Cairo has battened itself down in anticipation of a massive backlash after this week’s massacre, one that produced a death toll that is now over 600 and still counting. The Muslim Brotherhood promises a “day of rage” after Friday prayer, and the military has blocked entry to Tahrir Square and other areas of the city. The Egyptian military has authorized the use of live ammunition against anyone attacking security forces as well, perhaps setting the stage for another massacre:

The government has authorized the use of deadly force against protesters targeting police and state institutions while the international community has urged both sides to show restraint and end the turmoil engulfing the nation.

Egyptian State TV reported Friday that army troops had been deployed to guard “vital installations” around the country, and CBS News correspondent Charlie D’Agata reported that the interim government seemed to be taken the Brotherhood’s threat of a day or rage very seriously.

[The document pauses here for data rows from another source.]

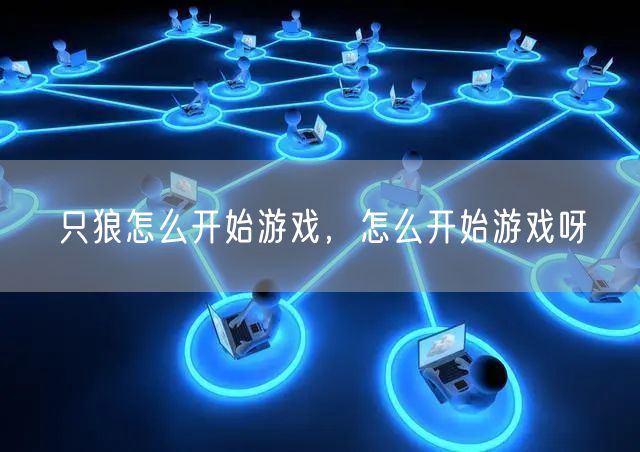 只狼怎么开始游戏,怎么开始游戏呀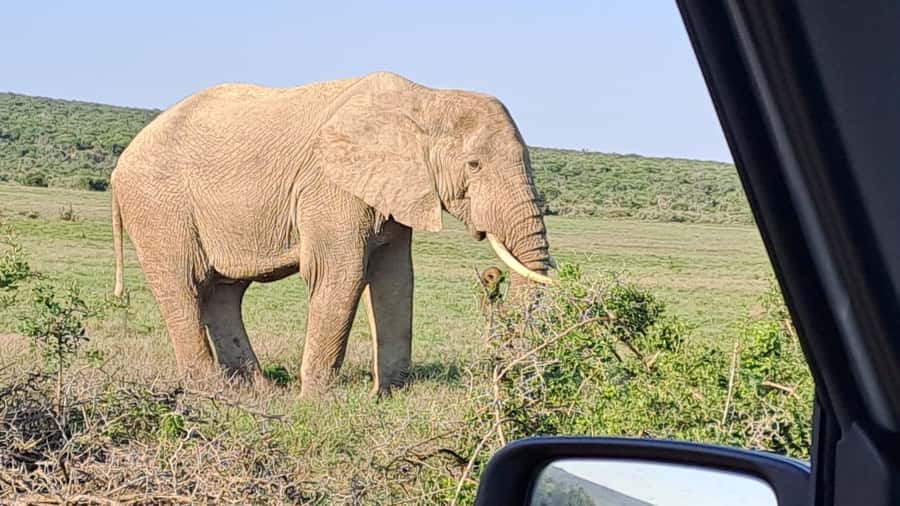 Addo Elephant Full Day Safari / Shore Excursions - Lunch at a local restaurant
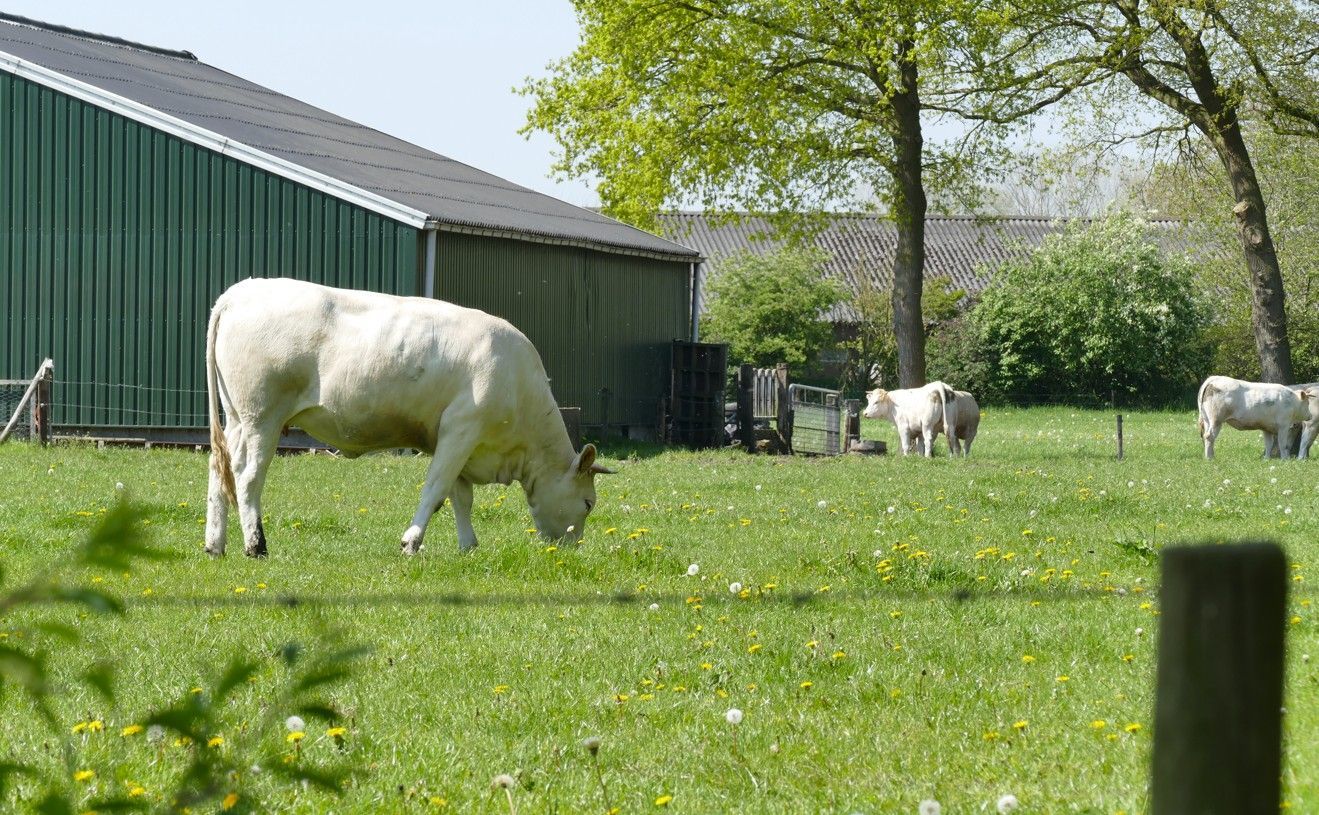 Een witte koe graast in een groene wei; op de achtergrond zijn een schuur en andere koeien te zien.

While Cairo’s central Tahrir Square was deserted — and a heavy police presence was on-hand to try and keep it that way — thousands of Egyptians were expected to take to the streets after Friday prayers and vent their anger over the heavy-handed tactics used to quash the protests earlier this week. …

As turmoil spread, the Interior Ministry authorized the use of deadly force against protesters targeting police and state institutions. Egypt’s military-backed government also pledged to confront “terrorist actions and sabotage” allegedly carried out by Muslim Brotherhood members.

The Brotherhood, trying to regroup after the assault on its encampments and the arrest of many of its leaders, called for a mass rally Friday in a challenge to the government’s declaration of a month-long state of emergency and a dusk-to-dawn curfew.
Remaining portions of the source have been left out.